Die schweigende Mehrheit
Was es für Russen bedeutet, wenn ihr Land immer wieder am Pranger steht
Wer Charlotte Knoblochs warnenden Worten im Deutschen Bundestag zum Gedenken der Befreiung von Auschwitz mit offenen Herzen zugehört hat, dem wird ihr Bekenntnis zum eigenen Land, aber auch ihre Bitte, auf dieses Land aufzupassen, lange noch nachgeklungen haben. Ein junger russischer Kollege, mit dem ich darüber sprach, hat mir diesen Eindruck bestätigt.
Aber dann fügte er einen Satz hinzu, auf den ich – offen gesagt – nicht gefasst war. Warum, fragte er, sprechen die deutschen Medien nur in der passiven Wendung davon, dass Auschwitz befreit wurde. Warum sagen sie nicht, dass es sowjetische Soldaten waren, die dafür mit ihrem Leben bezahlten.

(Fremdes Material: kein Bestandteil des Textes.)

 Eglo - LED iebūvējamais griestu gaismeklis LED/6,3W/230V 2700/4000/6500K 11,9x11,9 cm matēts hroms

Es gibt Momente, bei denen es wohl besser ist, auf eine Rechtfertigung zu verzichten. Und es gibt genügend Berichte in deutschen Medien, die diesen Zusammenhang eben nicht unerwähnt ließen.
Was mich vielmehr beschäftigt, ist der Grad an Verletztheit, der aus diesem Einwand spricht, und der eine vollständige Wahrnehmung gar nicht mehr zulässt. Was ist bei diesem jungen Mann passiert, der mit seinem eigenen Land über Kreuz liegt, dass er so reagiert.
Man bekommt eine Ahnung davon, was es für viele Russen bedeutet, wieder am Pranger zu stehen. In den Familien am legendären Abendbrottisch wird ein solches Gespräch kaum anders verlaufen.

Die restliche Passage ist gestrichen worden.